Exercise:
Word for word, restate the lines of the data from the first through the one containing "Domestic pig", and nothing else.

(Information given Opens)

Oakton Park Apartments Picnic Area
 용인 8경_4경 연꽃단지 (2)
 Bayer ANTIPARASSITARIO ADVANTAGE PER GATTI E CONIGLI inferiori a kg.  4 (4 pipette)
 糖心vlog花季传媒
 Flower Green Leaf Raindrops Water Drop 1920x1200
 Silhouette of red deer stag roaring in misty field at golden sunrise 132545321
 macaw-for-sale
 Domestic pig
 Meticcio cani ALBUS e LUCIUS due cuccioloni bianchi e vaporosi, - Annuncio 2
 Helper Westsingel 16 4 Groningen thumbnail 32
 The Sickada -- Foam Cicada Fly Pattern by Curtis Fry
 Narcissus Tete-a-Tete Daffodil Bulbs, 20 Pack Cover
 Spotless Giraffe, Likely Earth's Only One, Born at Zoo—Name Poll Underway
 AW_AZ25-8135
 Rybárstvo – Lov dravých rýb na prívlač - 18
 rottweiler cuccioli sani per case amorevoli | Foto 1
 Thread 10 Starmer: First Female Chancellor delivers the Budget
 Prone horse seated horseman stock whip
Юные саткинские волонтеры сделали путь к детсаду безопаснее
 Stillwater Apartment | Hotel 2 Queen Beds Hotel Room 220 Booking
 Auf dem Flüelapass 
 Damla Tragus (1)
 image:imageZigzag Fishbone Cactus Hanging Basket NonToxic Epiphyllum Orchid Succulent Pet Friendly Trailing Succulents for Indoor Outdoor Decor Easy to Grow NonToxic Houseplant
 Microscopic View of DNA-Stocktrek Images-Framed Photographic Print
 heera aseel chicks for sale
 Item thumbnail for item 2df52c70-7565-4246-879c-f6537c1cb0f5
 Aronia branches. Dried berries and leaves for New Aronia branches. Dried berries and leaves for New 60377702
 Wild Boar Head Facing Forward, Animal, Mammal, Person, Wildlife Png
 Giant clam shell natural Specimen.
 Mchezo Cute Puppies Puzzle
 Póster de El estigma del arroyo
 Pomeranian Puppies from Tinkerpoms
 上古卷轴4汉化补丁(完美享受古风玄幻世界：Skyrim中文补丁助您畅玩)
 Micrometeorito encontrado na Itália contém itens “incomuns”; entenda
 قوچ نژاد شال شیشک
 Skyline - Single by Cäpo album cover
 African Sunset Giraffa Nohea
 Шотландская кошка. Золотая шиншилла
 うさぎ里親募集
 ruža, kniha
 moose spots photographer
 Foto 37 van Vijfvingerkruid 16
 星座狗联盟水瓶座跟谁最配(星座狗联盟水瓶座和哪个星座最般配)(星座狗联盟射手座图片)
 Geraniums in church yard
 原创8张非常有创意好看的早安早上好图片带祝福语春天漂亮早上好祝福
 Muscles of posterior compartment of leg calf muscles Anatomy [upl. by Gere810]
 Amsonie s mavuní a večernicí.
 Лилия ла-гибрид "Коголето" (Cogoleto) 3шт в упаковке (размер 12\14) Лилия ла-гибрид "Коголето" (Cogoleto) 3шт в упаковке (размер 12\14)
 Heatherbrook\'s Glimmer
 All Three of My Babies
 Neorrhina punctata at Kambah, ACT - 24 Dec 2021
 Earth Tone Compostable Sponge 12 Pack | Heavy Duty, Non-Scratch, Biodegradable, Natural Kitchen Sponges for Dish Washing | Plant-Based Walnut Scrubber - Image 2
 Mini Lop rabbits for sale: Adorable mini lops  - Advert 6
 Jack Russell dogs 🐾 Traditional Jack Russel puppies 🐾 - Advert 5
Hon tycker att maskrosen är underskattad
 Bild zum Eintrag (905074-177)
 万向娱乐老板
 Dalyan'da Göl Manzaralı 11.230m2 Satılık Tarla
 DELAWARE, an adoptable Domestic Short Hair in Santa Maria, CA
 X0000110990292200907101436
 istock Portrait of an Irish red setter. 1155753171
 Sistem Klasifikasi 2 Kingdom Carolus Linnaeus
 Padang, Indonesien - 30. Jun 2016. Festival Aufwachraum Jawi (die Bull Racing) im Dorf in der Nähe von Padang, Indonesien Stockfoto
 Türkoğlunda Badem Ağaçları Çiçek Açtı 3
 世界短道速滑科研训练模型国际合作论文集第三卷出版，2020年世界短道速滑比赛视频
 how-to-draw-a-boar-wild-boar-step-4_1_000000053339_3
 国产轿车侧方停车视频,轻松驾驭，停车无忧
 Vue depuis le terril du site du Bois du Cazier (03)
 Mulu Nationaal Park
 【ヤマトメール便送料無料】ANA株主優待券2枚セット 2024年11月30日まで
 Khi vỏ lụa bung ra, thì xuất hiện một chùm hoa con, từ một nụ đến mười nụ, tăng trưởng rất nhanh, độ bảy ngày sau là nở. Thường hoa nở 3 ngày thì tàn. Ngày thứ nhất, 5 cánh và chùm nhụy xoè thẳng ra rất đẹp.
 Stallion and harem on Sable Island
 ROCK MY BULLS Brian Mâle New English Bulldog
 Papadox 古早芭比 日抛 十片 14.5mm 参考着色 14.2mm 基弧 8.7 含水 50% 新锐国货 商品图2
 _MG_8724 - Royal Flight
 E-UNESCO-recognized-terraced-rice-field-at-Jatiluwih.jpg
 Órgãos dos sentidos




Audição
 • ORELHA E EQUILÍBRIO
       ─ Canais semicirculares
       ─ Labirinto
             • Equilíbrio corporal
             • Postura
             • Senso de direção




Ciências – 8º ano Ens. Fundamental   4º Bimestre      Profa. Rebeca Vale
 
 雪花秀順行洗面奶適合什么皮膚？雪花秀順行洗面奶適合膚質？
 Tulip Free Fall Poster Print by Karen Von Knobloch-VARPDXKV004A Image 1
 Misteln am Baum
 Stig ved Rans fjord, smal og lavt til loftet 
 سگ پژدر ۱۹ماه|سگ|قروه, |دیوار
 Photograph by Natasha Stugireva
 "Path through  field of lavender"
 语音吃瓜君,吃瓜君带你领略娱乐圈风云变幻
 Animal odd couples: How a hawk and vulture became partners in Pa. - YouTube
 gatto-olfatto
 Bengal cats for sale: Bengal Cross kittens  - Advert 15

(Information given Closes)

Answer to the exercise:
Oakton Park Apartments Picnic Area
 용인 8경_4경 연꽃단지 (2)
 Bayer ANTIPARASSITARIO ADVANTAGE PER GATTI E CONIGLI inferiori a kg.  4 (4 pipette)
 糖心vlog花季传媒
 Flower Green Leaf Raindrops Water Drop 1920x1200
 Silhouette of red deer stag roaring in misty field at golden sunrise 132545321
 macaw-for-sale
 Domestic pig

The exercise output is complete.